* [PATCH] drm/i915: set ctx->initialized only after RCS
@ 2013-12-28 21:31 Ben Widawsky
2013-12-29 9:59 ` Chris Wilson
2014-01-07 7:10 ` Daniel Vetter
0 siblings, 2 replies; 9+ messages in thread
From: Ben Widawsky @ 2013-12-28 21:31 UTC (permalink / raw)
To: Intel GFX; +Cc: Ben Widawsky, Ben Widawsky
The initialized flag is used to specify a context has been initialized
and it's context is safe to load, ie. the 3d state is setup properly.
With full PPGTT, we emit the address space loads during context switch
and this currently marks a context as initialized. With full PPGTT
patches, if a client first emits a batch to !RCS, then later, RCS, the
code will mistake the context as initialized and try to reload an
uninitialized context.
1. context 1 blit // context initialized
2. context 2 <X operation> // saves context 1 random state
3. context 1 render // loads random state from step 2
It is really easy to hit this with a planned upcoming patch which makes
default context reuse possible.
NOTE: This should only effect full PPGTT branches, ie. current
drm-intel-nightly.
Thanks to Chris for helping me track this down.

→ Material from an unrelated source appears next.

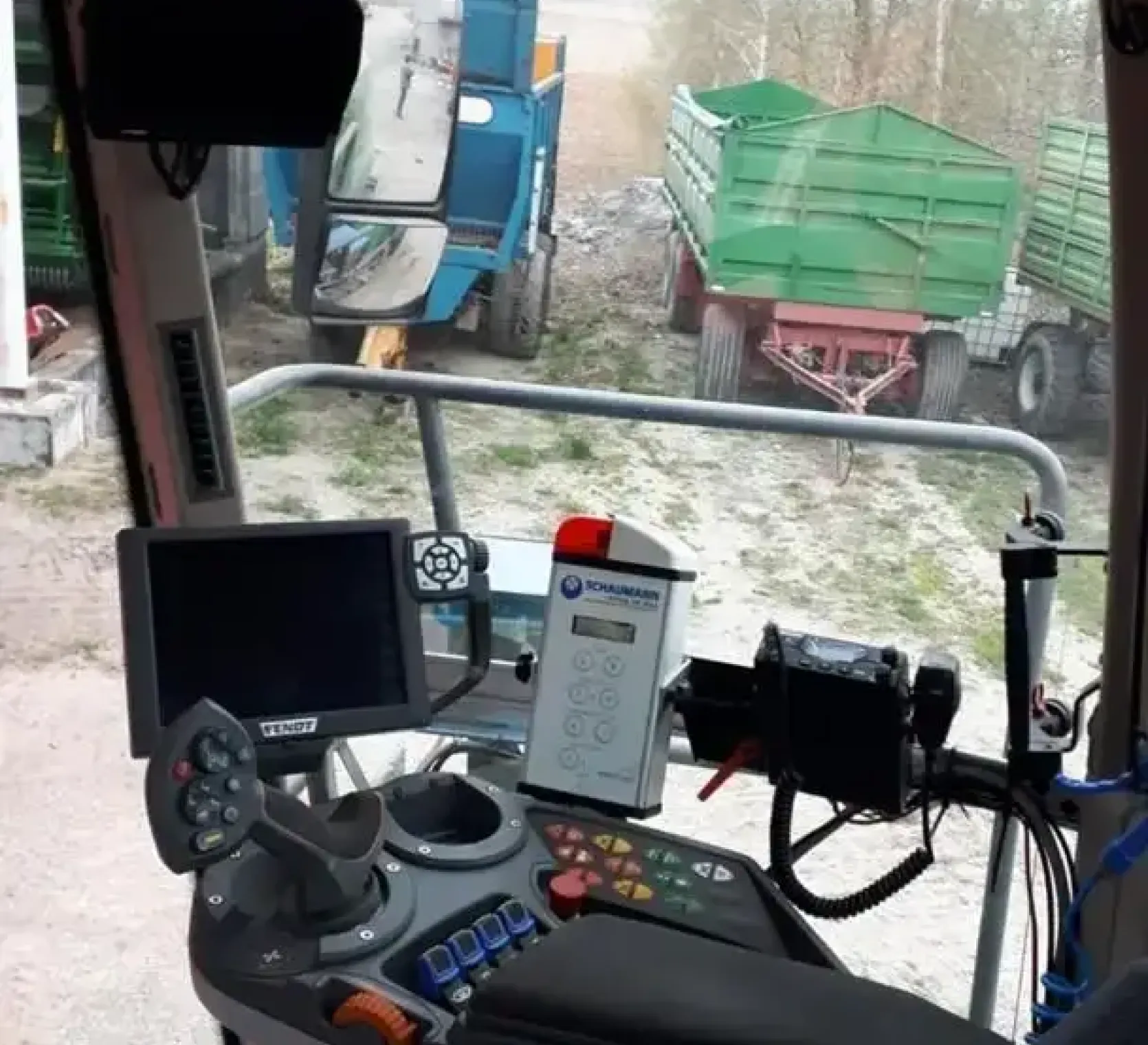 Wnętrze kabiny w uzywanej sieczkarni Fendt Katana 65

Cc: Chris Wilson <chris@chris-wilson.co.uk>
Signed-off-by: Ben Widawsky <ben@bwidawsk.net>
---
drivers/gpu/drm/i915/i915_gem_context.c | 3 ++-
1 file changed, 2 insertions(+), 1 deletion(-)
diff --git a/drivers/gpu/drm/i915/i915_gem_context.c b/drivers/gpu/drm/i915/i915_gem_context.c
index ebe0f67..28b9f30 100644
--- a/drivers/gpu/drm/i915/i915_gem_context.c
+++ b/drivers/gpu/drm/i915/i915_gem_context.c
@@ -686,10 +686,11 @@ static int do_switch(struct intel_ring_buffer *ring,
i915_gem_context_unreference(from);
}
+ to->is_initialized = true;
+
done:
i915_gem_context_reference(to);
ring->last_context = to;
- to->is_initialized = true;
to->last_ring = ring;
return 0;
--
1.8.5.2
^ permalink raw reply related [flat|nested] 9+ messages in thread
* Re: [PATCH] drm/i915: set ctx->initialized only after RCS
2013-12-28 21:31 [PATCH] drm/i915: set ctx->initialized only after RCS Ben Widawsky
@ 2013-12-29 9:59 ` Chris Wilson
2013-12-30 21:34 ` Ben Widawsky
2014-01-07 7:10 ` Daniel Vetter
1 sibling, 1 reply; 9+ messages in thread
From: Chris Wilson @ 2013-12-29 9:59 UTC (permalink / raw)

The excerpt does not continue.